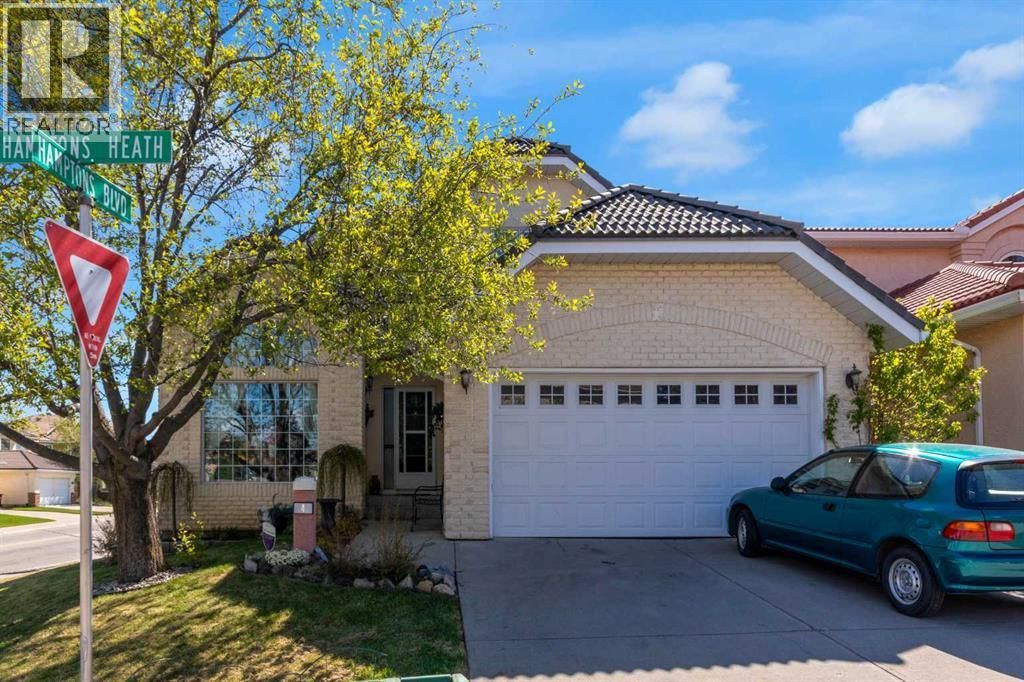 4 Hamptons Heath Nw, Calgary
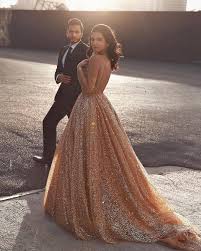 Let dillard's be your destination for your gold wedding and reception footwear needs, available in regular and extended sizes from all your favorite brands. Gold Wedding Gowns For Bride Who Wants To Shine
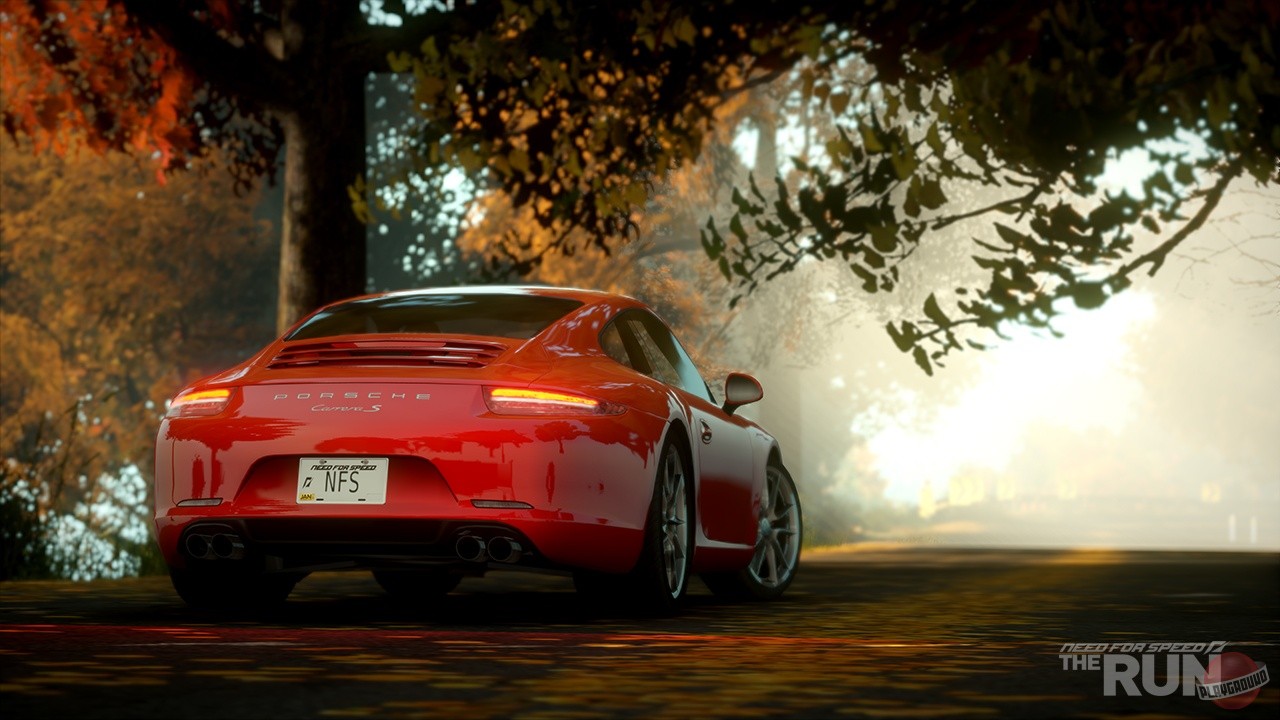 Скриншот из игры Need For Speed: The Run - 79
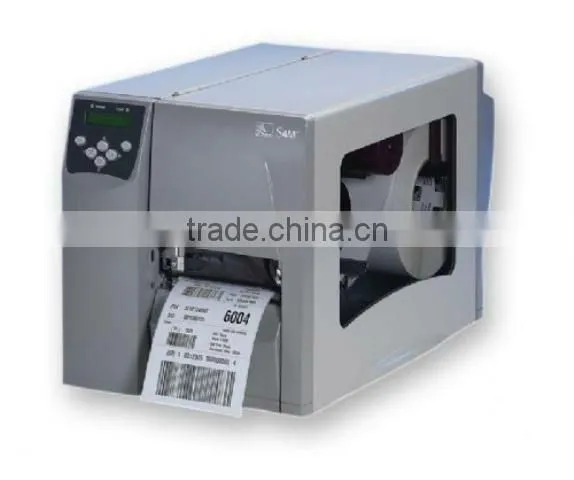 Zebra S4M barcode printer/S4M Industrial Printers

> [Goal of the exercise]:
No picture belongs in the copy; return the rest of the listing exactly.

> [Task output]:
 4 Hamptons Heath Nw, Calgary
 Let dillard's be your destination for your gold wedding and reception footwear needs, available in regular and extended sizes from all your favorite brands. Gold Wedding Gowns For Bride Who Wants To Shine
 Скриншот из игры Need For Speed: The Run - 79
 Zebra S4M barcode printer/S4M Industrial Printers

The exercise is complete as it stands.